Team led by Prof. Pietschmann receives around 700,000 euros from the Volkswagen Stiftungfor RSV project:
New approaches and new substances are needed in the fight against infectious diseases. This has been shown evidently by the coronavirus pandemic. In response to the emergence of SARS-CoV-2, the Volkswagen Stiftung has launched the funding initiative “Innovative Approaches in Antiviral Drug Development” back in 2020. Recently, the foundation has announced more then ten projects that will be funded with a total of 6.6 million euros.
Prof. Pietschmann, Director of the Institute for Experimental Virology at TWINCORE and Professor for Experimental Virology at MHH, is coordinating one of them. Together with Prof. Hirsch, Helmholtz Institute for Pharmaceutical Research Saarland, Prof. Hansen, MHH Clinic for Paediatric Pneumology, Allergology and Neonatology, and Prof. Krey, Institute for Biochemistry at the University of Lübeck, he will be optimizing new inhibitors against the respiratory syncytial virus (RSV) over the next 15 months. The researchers are all in the RESIST team and they will receive a total of about 700,000 euros for the project called OPTIS (Optimization of novel Respiratory Syncytial Virus-inhibitors by multi-parametric profiling).

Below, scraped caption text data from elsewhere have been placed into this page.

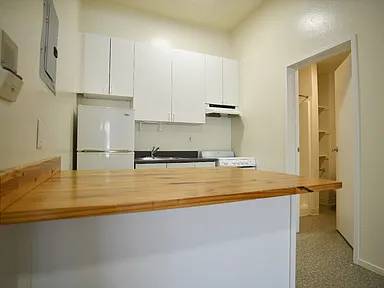 Apartments on Dwight Way · Berkeley photo 4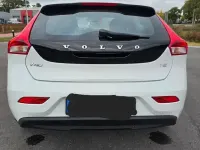 Usata Volvo V40 122 CV (89 kW) 2016 Bianco Berlina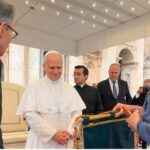 Papa recebe artesanato de Sabará  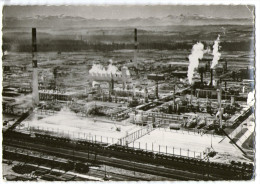 Delcampe - CPSM      64       USINE DE LACQ      VUE AERIENNE     AU PREMIER PLAN STOCKAGE - Industrie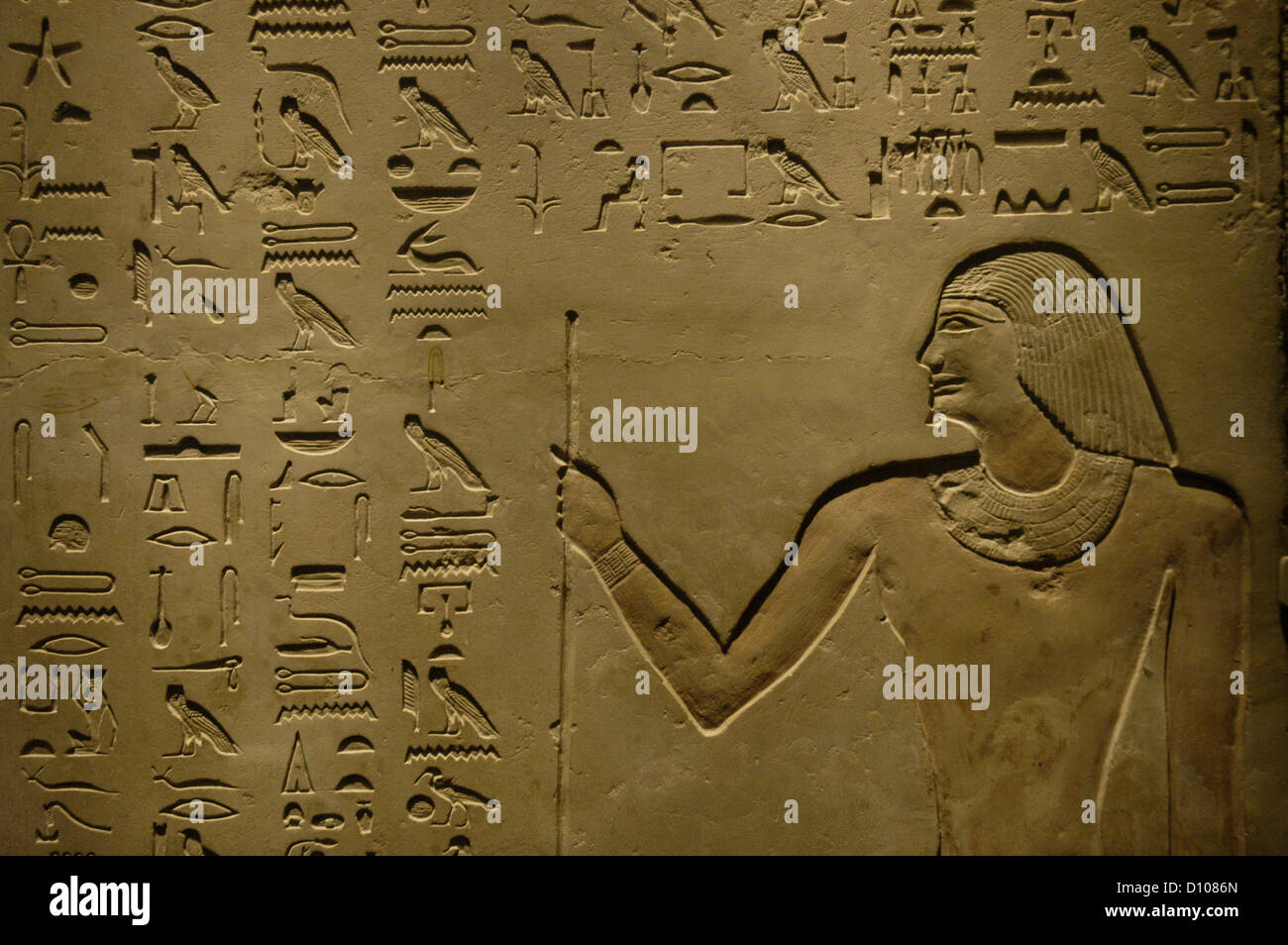 L'Egitto. Stele della tomba di Methethi con suo figlio Ihy con scrittura geroglifica. Dettaglio di Methethi. Intorno al 2400 A.C. Foto Stock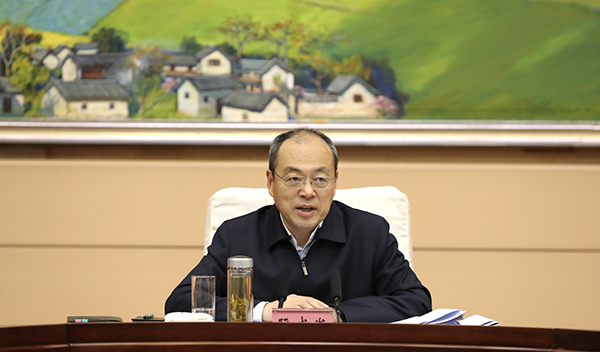 常务会单人照600.jpg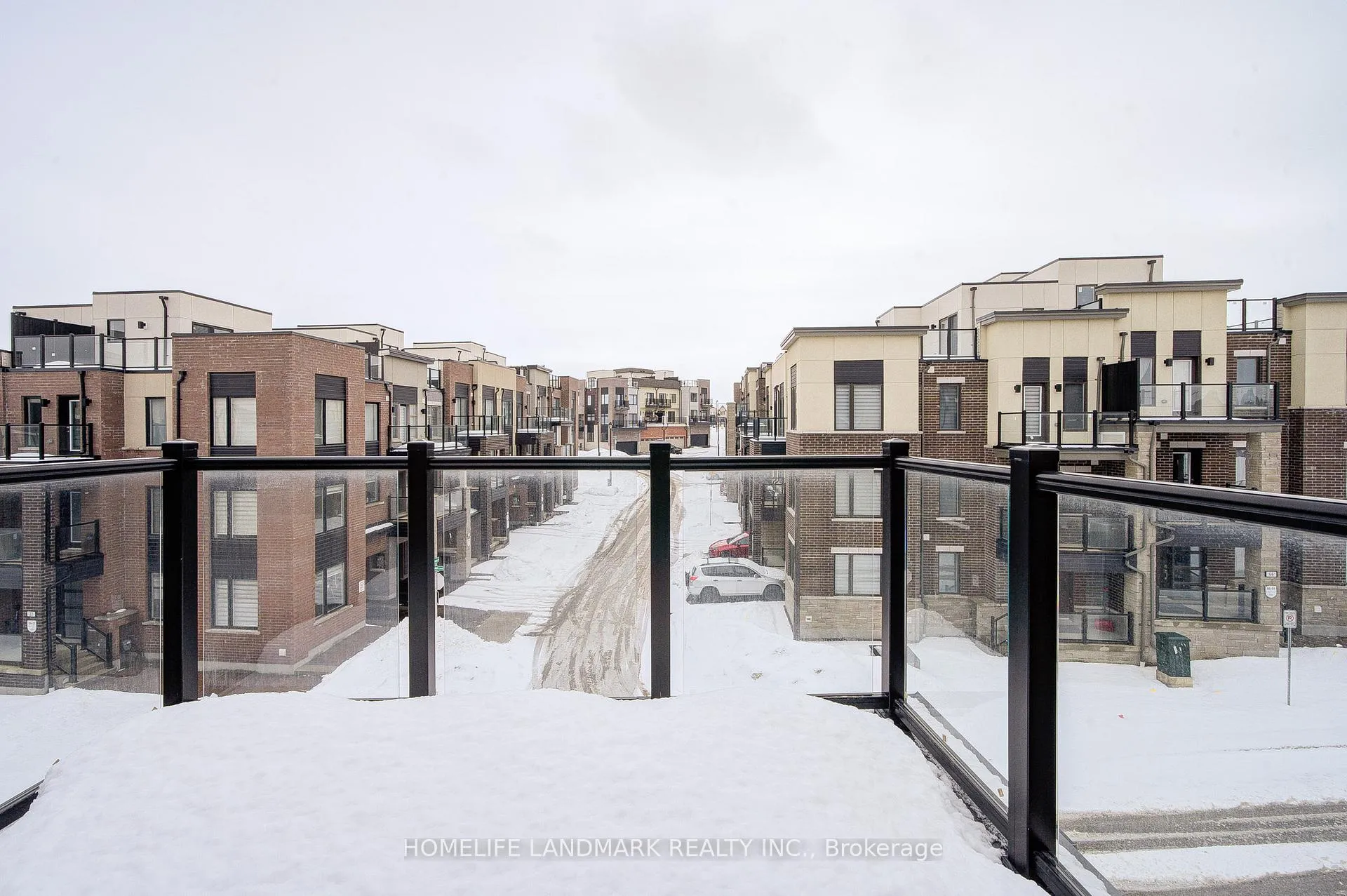 Photo 41 of 33 Schmidt Lane, Markham, Angus Glen — HOMEH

RSV causes severe respiratory infections, especially in young children, and is the most common cause of hospitalization in the first two years of life. An effective antiviral therapy does not yet exist. In its own preliminary work, the research team has already identified some promising candidates for antiviral agents. Together with the company ENYO Pharma, these molecules and others, which were discovered by ENYO Pharma, will now be structurally and chemically optimized, in order to makethe development of resistances more difficult in the case of virus mutations. Such industrial cooperation is an integral part of the funding initiative, that the developability is factored in from the beginning unlike in purely basic projects.
“The new OPTIS project helps to find new active substances to treat seriously ill people. It thus complements our RESIST project on RSV, in which we are investigating which genetic factors lead to severe RSV infection – with the long-term goal of using this knowledge to develop new diagnosis, prevention and treatment methods,” says Prof. Pietschmann.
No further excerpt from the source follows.